Landscape, at a given spatial scale, fundamentally represents a heterogeneous composition of biophysical, social, and cultural objects developed by natural means and/or human interventions on the earth’s surface [1
]. These objects in a landscape scale can be seen as various landforms, vegetation patches, water bodies, settlement areas, roads, etc., and are referred to as land covers or features [3
]. The features in spatial configuration make up the landscape structure [1
], giving an identity to the landscape that can possess a distinctive appearance, in contrast to the surroundings [6
]. Nevertheless, the natural pressure, including storm, flood, fire, earthquake, and/or anthropogenic land use and management, are all drivers that modify the landscape and make it unstable [6
Modification of the landscape by humans has been rather significant across the globe, and, in consequence, it yields an impact on the landscape structure as well as on the interaction between landscape features [8
]. However, research on the ecological aspects of landscape is very limited in tropical Asia [9
]. The current study is a preliminary effort to develop deeper knowledge of ecosystem services and management through safeguarding the cultural heritage at the Dry Zone of Myanmar.
The Bagan Cultural Heritage Site (BCHS) is home to 3822 medieval-aged Buddhist monuments—stupas (solid-type pyramidal structures), temples, and monasteries [10
]. The entire stretch of the BCHS is 22,809.85 ha, composed of eight monumental zones (MZ), together with other components, and it expands over the eastern and western banks of the Ayeyarwady River [14
]. The MZ is defined by the presence of monuments within a designated area and, of the eight zones, the MZ-1 accounts for more than 2000 monuments [15
The presence of more than 50% of the region’s total monuments makes the MZ-1 a unique landscape. The monuments were built during the 11–13th centuries [18
] by early settlers in the Bagan area, and such activities are regarded as attempts to transform the terrain into a cultural landscape [19
]. In the present era, there are seven residential areas in the MZ-1, and agricultural lands managed by the residents in the environs of the monuments endow the zone with a living landscape. This study’s focus, therefore, centres on how residents in those areas manage the landscape with respect to the hundreds of monuments as safeguarding measures for tangible and intangible cultural heritage. Agricultural land management, in explicit postulation, is a trigger of impacts on the environmental setting of the heritage site; therefore, management-related data to date are a prerequisite for long-term analytical studies.
Within the Dry Zone of Myanmar, people’s livelihoods are primarily dependent on agriculture, with 57% of the land altered through cultivation [20
]. Nevertheless, global climate change has also affected agricultural production for people in the dry zone, due to irregular rainfall [21
]. Moreover, experiencing life in the Dry Zone, the MZ-1 settlers have experienced the ripple effects of the adverse climate on their agricultural activities. If crop production declines, the land used for cultivation by local farmers is likely to be minimized. Reducing cultivated land implies shrinking crop cover in one word, and expanding weedy cover and/ or shrub on the agricultural land in other words. The current conditions of agricultural land use might have created some distinctive characteristics regarding landscape features at the MZ-1. The speculation, therefore, was a matter of the analytical study on contemporary landscape structure, based on two specific objectives: (1) To identify landscape features as land cover on the basis of land use, and (2) to evaluate the interrelationship of features at the MZ-1 in terms of spatial coverage.

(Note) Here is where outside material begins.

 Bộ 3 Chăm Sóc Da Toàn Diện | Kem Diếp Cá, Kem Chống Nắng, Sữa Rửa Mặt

The status of features, as well as land use impacts, was first assessed by satellite image analysis, and, second, the interdependence among the features was evaluated by multivariate analysis. The study shed light on vegetated and non-vegetated features as a primary structure of the landscape of the MZ-1, reflecting four major components in coexistence—“unmanaged vegetated cover”, “anthropogenic artefacts”, “agricultural land”, and “reservoir”. The results of the current study stress the important role of site management, explicitly, agricultural land, due to massive expansion of unmanaged vegetated cover in landscape scale. Regarding well-rooted conservation and preservation measures for the monuments and the site, the study suggests the vegetation in the zone to be under management for strengthening integrity of the cultural landscape.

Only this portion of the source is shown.